OP, the first step is to correctly identify the enemy, and the enemy is not your daughter.
You are making a lot of assumptions, PP. Sometimes (often, actually) - teens are just really, really hard on the parents. It’s common.
And unfortunately some personality disordered parents are just “really, really hard” on their kids. It’s common.
+10million.
Maybe because they were irreparably damaged by their own parents. In that way nobody is ever wrong, nobody asks to be born.
This is true, but someone comes along to break the chain. My mom was totally disorders. I made huge strides not to be and I am not. My mother criticized me for taking parenting classes, saying she didn’t “need” them. I responded “well, I think I do”. At the same time I was thinking ‘uh, yeah, you absolutely did need them! I had a terrible example and that is why I need them’. But I didn’t actually say what I thought. I have 2 kids through this stage, one in this stage, and one younger. I think I’m doing well. No, I would never say something as hurtful as OP did. I actually very much love my kids and they know it, even though and especially when we fight. No one has ever said they hate anyone in our house.

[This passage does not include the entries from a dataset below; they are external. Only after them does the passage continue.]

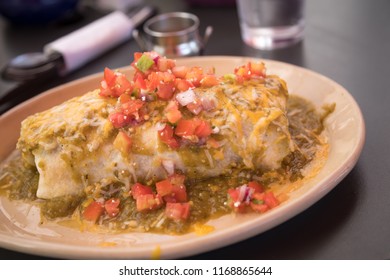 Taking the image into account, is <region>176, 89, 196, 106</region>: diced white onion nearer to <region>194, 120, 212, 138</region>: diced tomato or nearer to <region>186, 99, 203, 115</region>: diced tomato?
<region>186, 99, 203, 115</region>: diced tomato

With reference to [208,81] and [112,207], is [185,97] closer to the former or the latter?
[208,81]

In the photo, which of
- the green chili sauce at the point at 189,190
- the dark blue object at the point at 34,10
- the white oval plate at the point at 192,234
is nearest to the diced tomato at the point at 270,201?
the white oval plate at the point at 192,234

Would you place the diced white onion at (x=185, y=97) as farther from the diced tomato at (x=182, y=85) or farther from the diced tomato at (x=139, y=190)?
the diced tomato at (x=139, y=190)

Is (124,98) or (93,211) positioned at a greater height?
(124,98)

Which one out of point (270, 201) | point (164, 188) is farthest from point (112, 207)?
point (270, 201)

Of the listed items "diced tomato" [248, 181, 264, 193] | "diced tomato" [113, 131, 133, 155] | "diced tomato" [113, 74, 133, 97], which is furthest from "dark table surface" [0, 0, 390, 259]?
"diced tomato" [113, 74, 133, 97]

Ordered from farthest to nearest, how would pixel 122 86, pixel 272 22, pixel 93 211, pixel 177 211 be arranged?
pixel 272 22 < pixel 122 86 < pixel 93 211 < pixel 177 211
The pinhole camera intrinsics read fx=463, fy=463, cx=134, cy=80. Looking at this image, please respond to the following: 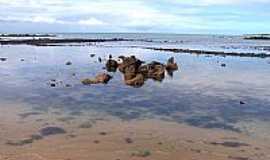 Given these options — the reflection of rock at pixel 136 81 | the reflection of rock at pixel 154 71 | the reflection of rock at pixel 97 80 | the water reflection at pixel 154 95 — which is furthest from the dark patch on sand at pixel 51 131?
the reflection of rock at pixel 154 71

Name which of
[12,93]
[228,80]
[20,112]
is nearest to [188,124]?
[20,112]

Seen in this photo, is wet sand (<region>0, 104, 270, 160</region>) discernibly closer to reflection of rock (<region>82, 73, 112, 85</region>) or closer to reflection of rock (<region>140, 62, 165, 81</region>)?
reflection of rock (<region>82, 73, 112, 85</region>)

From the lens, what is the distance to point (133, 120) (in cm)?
2264

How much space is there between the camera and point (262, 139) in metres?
19.3

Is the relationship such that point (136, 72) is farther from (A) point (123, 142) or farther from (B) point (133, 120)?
(A) point (123, 142)

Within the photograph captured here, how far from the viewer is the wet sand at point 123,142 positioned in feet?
54.2

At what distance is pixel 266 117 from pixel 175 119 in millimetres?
4881

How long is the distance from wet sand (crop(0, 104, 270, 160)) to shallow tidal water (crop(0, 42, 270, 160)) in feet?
0.11

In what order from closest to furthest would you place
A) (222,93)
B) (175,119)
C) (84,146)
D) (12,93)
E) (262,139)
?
1. (84,146)
2. (262,139)
3. (175,119)
4. (12,93)
5. (222,93)

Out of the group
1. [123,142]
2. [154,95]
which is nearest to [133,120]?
[123,142]

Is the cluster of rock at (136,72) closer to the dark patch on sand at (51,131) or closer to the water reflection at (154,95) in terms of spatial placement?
the water reflection at (154,95)

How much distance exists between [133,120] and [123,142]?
4388mm

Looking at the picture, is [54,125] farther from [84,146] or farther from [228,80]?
[228,80]

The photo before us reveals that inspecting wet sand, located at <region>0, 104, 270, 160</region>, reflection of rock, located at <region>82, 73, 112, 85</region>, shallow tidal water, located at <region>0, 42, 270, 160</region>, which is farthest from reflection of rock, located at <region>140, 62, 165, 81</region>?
wet sand, located at <region>0, 104, 270, 160</region> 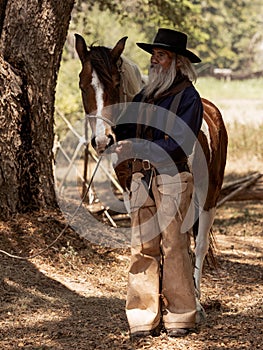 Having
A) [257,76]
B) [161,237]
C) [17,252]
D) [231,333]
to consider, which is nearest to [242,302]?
[231,333]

So when you were in remission from cancer did you not miss a beat?
You folks keep making apologies for a mother who said she hated her child and meant it. Totally messed up.
WHO HAS CANCER!
The kid is a fxxx up. A MEAN GIRL.
She's 16 and just spent the last few years watching her mom go through cancer, but okay I guess she's worthless because she did some very predictable teenage things.
DP. My siblings and I managed to get through our teenage years without ever ONCE telling either of our parents that we hated them, despite lots of arguments and drama.
I don’t think this is “predictable teenage” behavior. I think it is just plain awful behavior. Maybe this is a good learning moment for the kid, to learn that if you throw around phrases like “I hate you” you might hear it back someday. Yes, it is devastating to hear this from a parent, but maybe hearing it is the only way this girl will learn that words matter (even when she is the one saying them).
(FTR I absolutely think OP needs to apologize if she wants to maintain a relationship with her daughter. However, I am taken aback by the posters who seem to have concluded that the daughter is an innocent victim and OP is a horrible monster. They BOTH said it, and a 16 year old is absolutely old enough to be mature enough to know better.)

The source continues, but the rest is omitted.